*TASK TO CARRY OUT*. No picture belongs in the answer, which must hold exactly the lines from the one with "幼儿园亲子手工作品制作教程（12款幼儿园亲子手工制作大全）(42)" through the final line below.
[SUPPLIED DATA Boundary: Start]
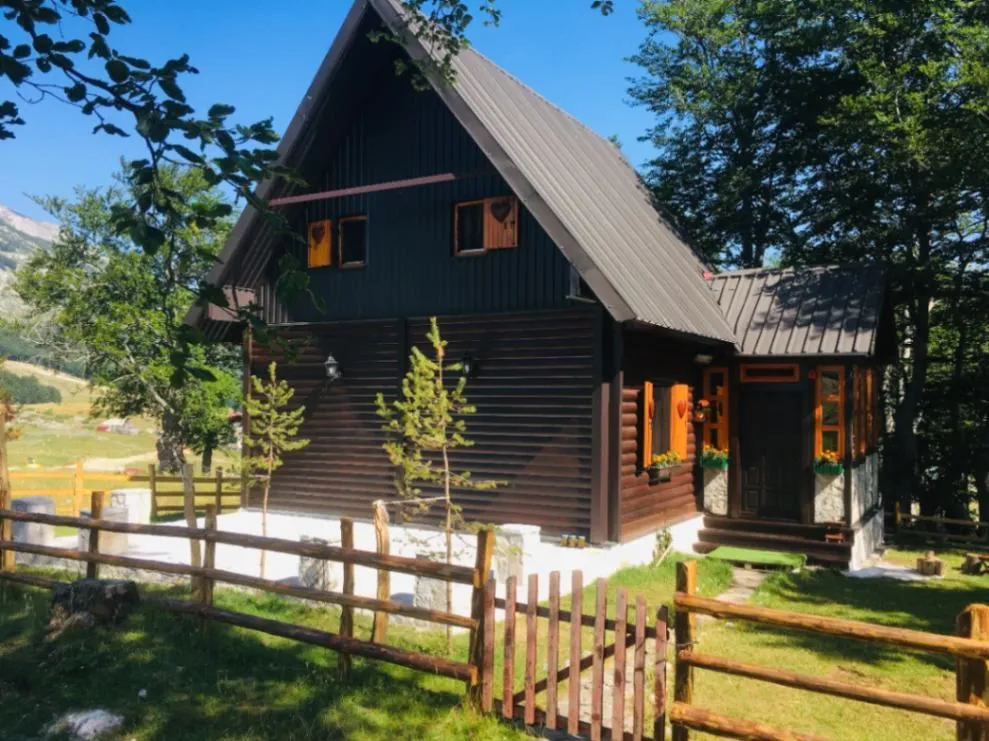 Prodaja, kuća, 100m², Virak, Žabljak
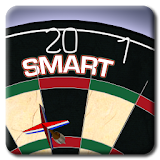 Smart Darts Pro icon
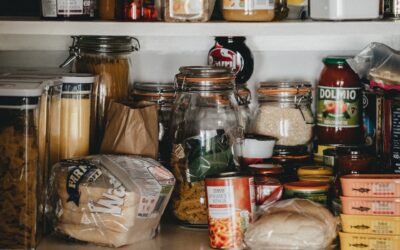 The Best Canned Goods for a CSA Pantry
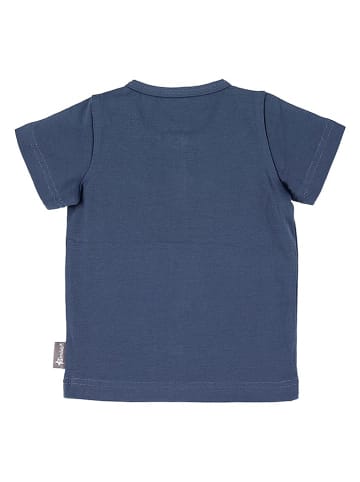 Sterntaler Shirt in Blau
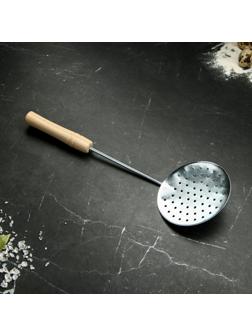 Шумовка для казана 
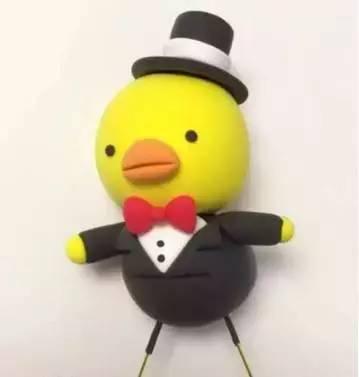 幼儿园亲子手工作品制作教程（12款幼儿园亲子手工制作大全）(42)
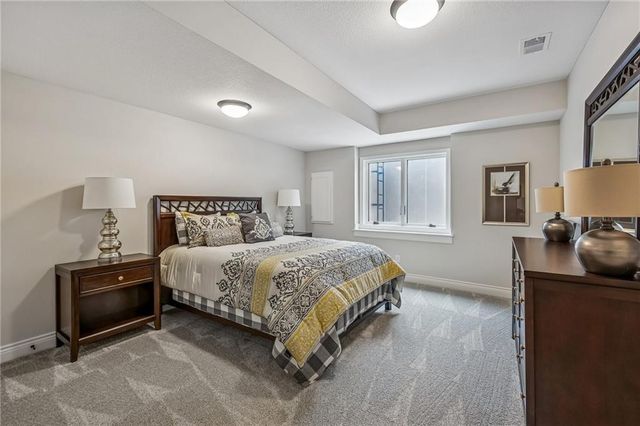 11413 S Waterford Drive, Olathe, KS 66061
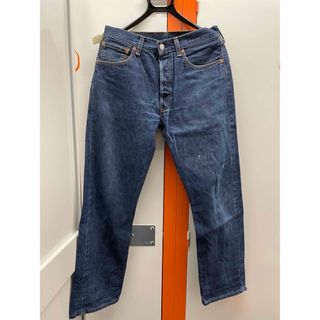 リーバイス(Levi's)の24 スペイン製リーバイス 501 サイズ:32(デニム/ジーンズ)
[SUPPLIED DATA Boundary: End]
*OUTPUT FOR THIS EXERCISE*.
 幼儿园亲子手工作品制作教程（12款幼儿园亲子手工制作大全）(42)
 11413 S Waterford Drive, Olathe, KS 66061
 リーバイス(Levi's)の24 スペイン製リーバイス 501 サイズ:32(デニム/ジーンズ)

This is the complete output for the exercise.